Every line of the data below is to be duplicated exactly, pictures excepted.

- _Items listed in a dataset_
-*-
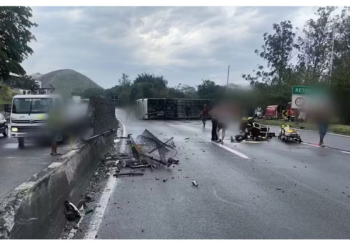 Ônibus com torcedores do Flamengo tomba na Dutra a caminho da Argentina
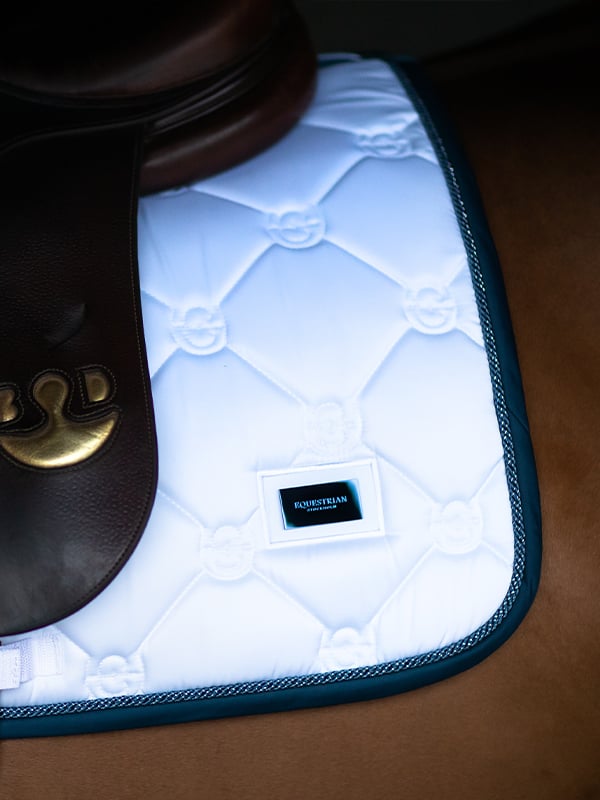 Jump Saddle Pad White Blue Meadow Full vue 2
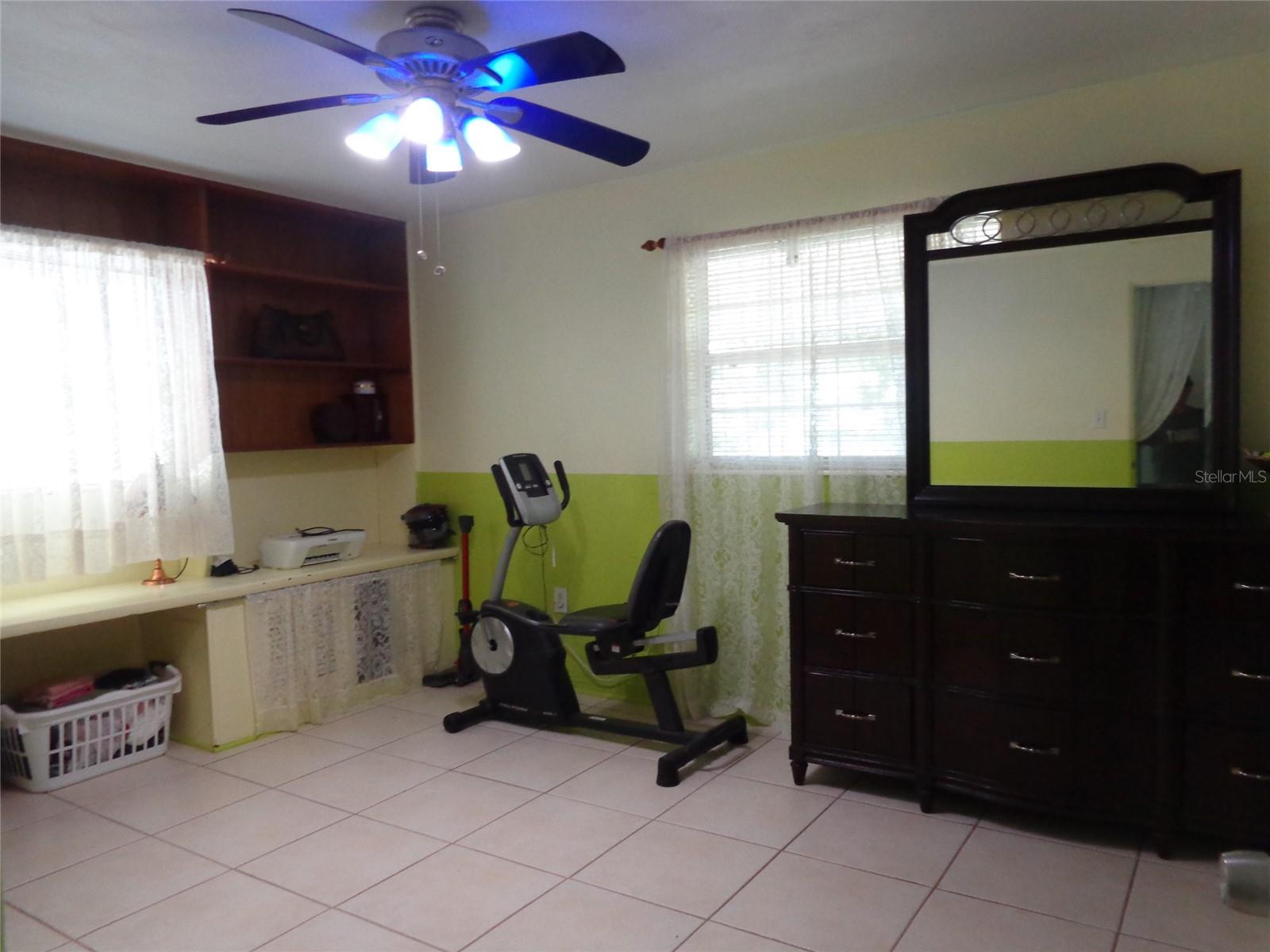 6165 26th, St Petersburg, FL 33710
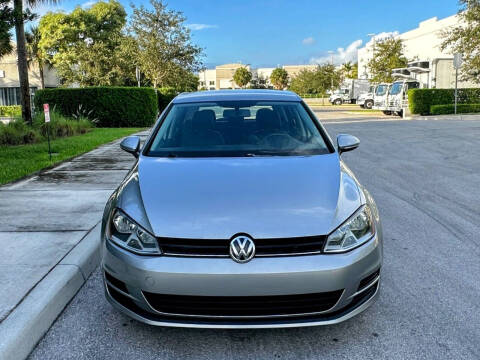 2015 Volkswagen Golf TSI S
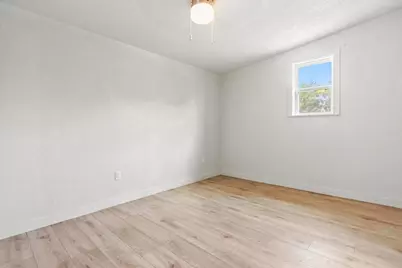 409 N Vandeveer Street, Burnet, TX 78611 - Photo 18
-*-
- _Answer to this problem_
 Ônibus com torcedores do Flamengo tomba na Dutra a caminho da Argentina
 Jump Saddle Pad White Blue Meadow Full vue 2
 6165 26th, St Petersburg, FL 33710
 2015 Volkswagen Golf TSI S
 409 N Vandeveer Street, Burnet, TX 78611 - Photo 18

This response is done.